DC Water’s biosolids program manager, Brown and Caldwell, was instrumental in assisting DC Water’s evaluation of alternative project delivery options. The initial driver for considering alternative delivery was schedule savings and the potential for federal stimulus funds for a “shovel ready” project. The BMP was divided into four projects:
- Site Preparation
- Main Process Train
- Final Dewatering
- Combined Heat and Power
DC Water and Brown and Caldwell identified key issues, as well as advantages and disadvantages, associated with delivery options for this specific solids processing situation. In particular, the Main Process Train (MPT), which had a cost estimate of about $225 million and included large-scale sludge screening, pre-dewatering centrifuges, thermal hydrolysis process (THP), and digestion processes, appeared well-suited for design-build delivery. This hypothesis was tested by detailed questioning within the construction industry; specifically, market sounding surveys were undertaken to provide direct input from potential bidders and contractors on the key issues for the MPT, including Cambi. The survey results indicated that design-build would be acceptable to procure the MPT – there would be sufficient competition for the project (a significant concern for DC Water). One critical issue answered by the surveys was whether the design-builder should have a direct relationship with Cambi. Survey respondents, which included operating services, integrated design-build, and construction firms, were concerned with contract terms and conditions, but clearly recommended that the design-builder should have a direct relationship with the sole-sourced THP provider.
The Cambi process was sole-sourced by DC Water in 2009. The MPT delivery method then needed to be finalized, and there were several options within the design-build umbrella. Cambi facilities in Europe had been successfully procured via design-build or a similar delivery method. Due diligence was therefore conducted on prior Cambi and other similar large vendor-equipment-dominated water and wastewater projects. To gather more intelligence, DC Water and Brown and Caldwell executive management visited the United Kingdom and Ireland, and met with owners of several Cambi installations to collect information on their experiences working with Cambi through a prime contractor.

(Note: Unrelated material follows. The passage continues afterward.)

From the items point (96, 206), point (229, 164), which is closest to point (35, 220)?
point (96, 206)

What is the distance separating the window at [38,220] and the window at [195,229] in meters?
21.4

As a result of the investigations and with the buy-in of the general manager and its board of directors, DC Water continued on the path of design-build for the MPT. To further ensure adequate competition, DC Water offered a stipend for the two non-selected short-listed teams. Design-build’s advantages for these situations include a single point of responsibility for both design and construction, the ability to short-list teams through qualifications and select on a combination of price and technical ratings, faster project delivery, fewer change orders, and earlier determination of total price. Design-build also allowed the design work to proceed to the level required to adequately define the degree of technical requirements DC Water desired for the RFP, while allowing the design-build team limited flexibility for ingenuity in its proposal.
To identify potential risks, and associated mitigation strategies, that were possible with a design-build procurement of the MPT, Brown and Caldwell’s program management team, along with legal advisors, facilitated workshops with DC Water stakeholders. A primary risk identified was that the project might not meet specified performance requirements. Since DC Water was concerned with high-quality construction and equipment that would be reliable, durable, and cost-effective over the long-term, it decided on a more prescriptive design-build approach with greater development of project scope and quality than typically used in design-build procurements, but the advantages were clear and aligned with DC Water’s objectives. To save time with this approach, DC Water asked Brown and Caldwell to develop the bridging documents.

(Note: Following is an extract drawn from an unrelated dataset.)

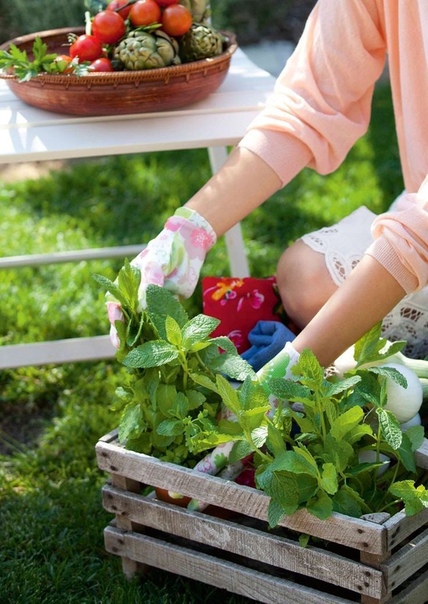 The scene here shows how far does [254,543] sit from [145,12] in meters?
1.00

Brown and Caldwell completed much of the design to a significant preliminary-design level – this included not only P&IDs, but also dimensioned layouts to make certain that efficient operation and maintenance needs were satisfied and that the small site and building footprints had sufficient space. Traditionally, price-based design-build procurements focus on the capital cost, while the operability and maintainability, and life cycle cost considerations are sometimes compromised – this potential problem is minimized by the higher-degree definition of technical requirements within the prescriptive format. For instance, equipment requirements were written to allow only equipment that DC Water deemed acceptable. To counter the potential creative limitations of the prescriptive approach, proposers were allowed to develop technical alternatives to the base project. The DC Water selection committee evaluated each technical alternative and determined whether that alternative would proceed as part of the proposer’s technical and price proposal. In addition to meeting the prescriptive requirements, the design-builder had to demonstrate required performance guarantees, including separate guarantees for the Cambi THP, to achieve final project acceptance.

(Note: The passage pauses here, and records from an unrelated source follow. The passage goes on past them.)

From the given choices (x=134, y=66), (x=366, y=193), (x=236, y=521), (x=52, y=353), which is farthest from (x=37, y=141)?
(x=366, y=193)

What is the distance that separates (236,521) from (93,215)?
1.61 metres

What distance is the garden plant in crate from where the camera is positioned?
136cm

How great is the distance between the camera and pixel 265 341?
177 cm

The MPT design-build procurement attracted six teams for the qualifications phase of selection in 2010. Statements of qualifications were evaluated within a range of criteria, including: experience, team organization, personnel details, and other factors. Three teams were selected for the proposal phase. The RFP contained detailed information, including major technical requirements and more than 200 drawings. DC Water held confidential proprietary meetings with the proposers. During these meetings, proposers were permitted to present proposed designs and approaches. DC Water would not endorse or agree with the information, but if proposers were “going down the wrong path” then DC Water would let them know not to continue. Proposals were evaluated on a 60-40 point split basis between price and non-price factors. The winning proposer was selected in April 2011 and received a notice to proceed on June 30, 2011. Contract price was just under $210 million.
Final design for the MPT is almost complete, yet foundation construction is well underway. The overall biosolids program will be commissioned in 2014 and completed in early 2015. DC Water’s management and staff are pleased with the progress of the MPT project to date. The prescriptive design-build approach and its successful selection outcome worked well for DC Water’s initial foray into design-build; all three proposers indicated that the proprietary meetings were very useful and recommended using them in the future. DC Water intends to use design-build for upcoming procurements, although perhaps not as prescriptive in nature as the MPT.